A propos de Leonard et Stanley
Leonard Wolf
Chambre S12.
Victime de faibles hallucinations visuelles, d'instabilité émotionnelle, de troubles obsessionnels. Schizophrénie possible. Observation à poursuivre.
A la base, calme et coopératif, doté d'un sens aiguë de l'équité. Des rapports font néanmoins état de tendances très violentes en cas de surexcitation.
Stanley Coleman
Chambre S07.
Normalement passif et poltron ; égotiste. Montre et affiche parfois un attachement obsessif à une femme en particulier, déjà à l'origine de plusieurs incidents violents ; rester vigilant.
Note du réfrigérateur
Réservé aux denrées alimentaires ! Interdit aux médicaments !
Tatouage du macabé
L'heure de départ est mon indice.
Tatouage du macabé, sous le pied
Margaret, jurons-nous de nous aimer jusqu'à la mort.
Note à propos du corps
Antécédents : inconnus.
Nom/âge : inconnu.
Patient non-hospitalisé. Trouvé en mauvais état mental dans l'enceinte de l'hôpital et installé provisoirement en chambre M4 à la discrétion du responsable.
Décédé tard dans la soirée, suite du sectionnement de la carotide.

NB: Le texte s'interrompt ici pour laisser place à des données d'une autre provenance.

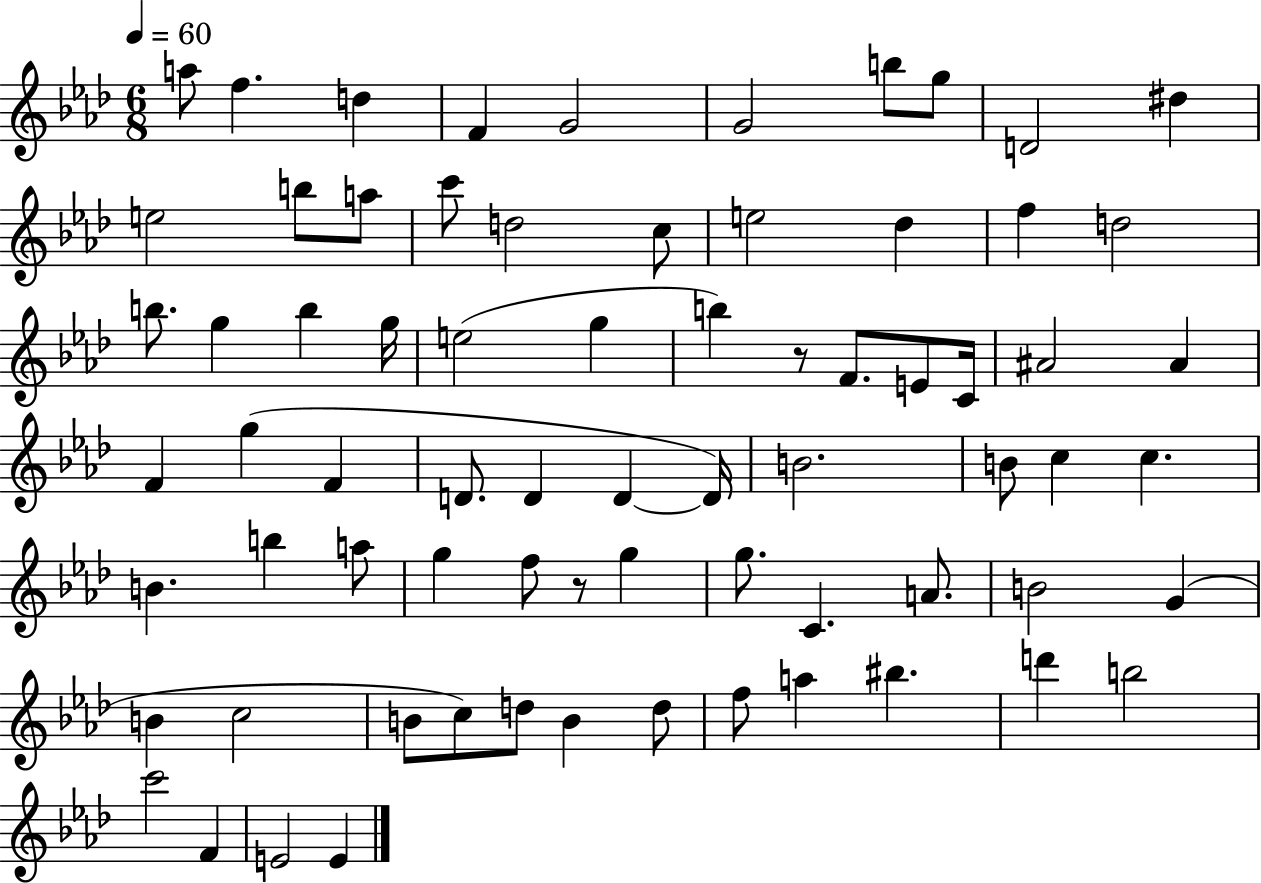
X:1
T:Untitled
M:6/8
L:1/4
K:Ab
a/2 f d F G2 G2 b/2 g/2 D2 ^d e2 b/2 a/2 c'/2 d2 c/2 e2 _d f d2 b/2 g b g/4 e2 g b z/2 F/2 E/2 C/4 ^A2 ^A F g F D/2 D D D/4 B2 B/2 c c B b a/2 g f/2 z/2 g g/2 C A/2 B2 G B c2 B/2 c/2 d/2 B d/2 f/2 a ^b d' b2 c'2 F E2 E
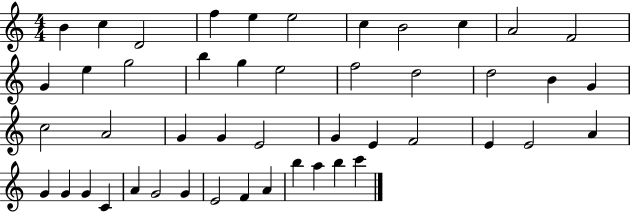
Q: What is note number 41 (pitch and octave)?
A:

Tenait son propre couteau de cuisine dans la main droite ; blessure au cou attribuée au couteau. Suicide possible mais angle de pénétration douteux. Envoyé dans la salle de traitement du 2ème pour vérification. Aucune preuve ou confirmation d'événement du patient partageant la même chambre.
La police n'a pas été prévenue. Ceci dit, pour plus tard, laisser le lit et les effets de la victime intacts (chambre M4).
Note du hall Est 2ème étage (EASY)
Appuyer, 2 fois à droite ;
appuyer, 1 fois vers le haut ;
appuyer 2 fois vers le bas ;
appuyer, la porte devrait s'ouvrir.
Note du hall Est 2ème étage (NORMAL)
Le premier est plus grand que le second ;
le second fait deux fois le troisième ;
le troisième est plus petit que le quatrième ;
le quatrième fait la moitié du premier.
Quatre des chiffres ne sont pas répétés
Trois ne figurent pas dans la rangée du dessus
Deux ne sont pas dans la rangée de droite
L'un des chiffres est la dernière clé
Note du hall Est 2ème étage (HARD)
Ah, tu es par trop humble--- beau, parfait : de ma tristesse, je souffre--- de mon bonheur, j'ai mal.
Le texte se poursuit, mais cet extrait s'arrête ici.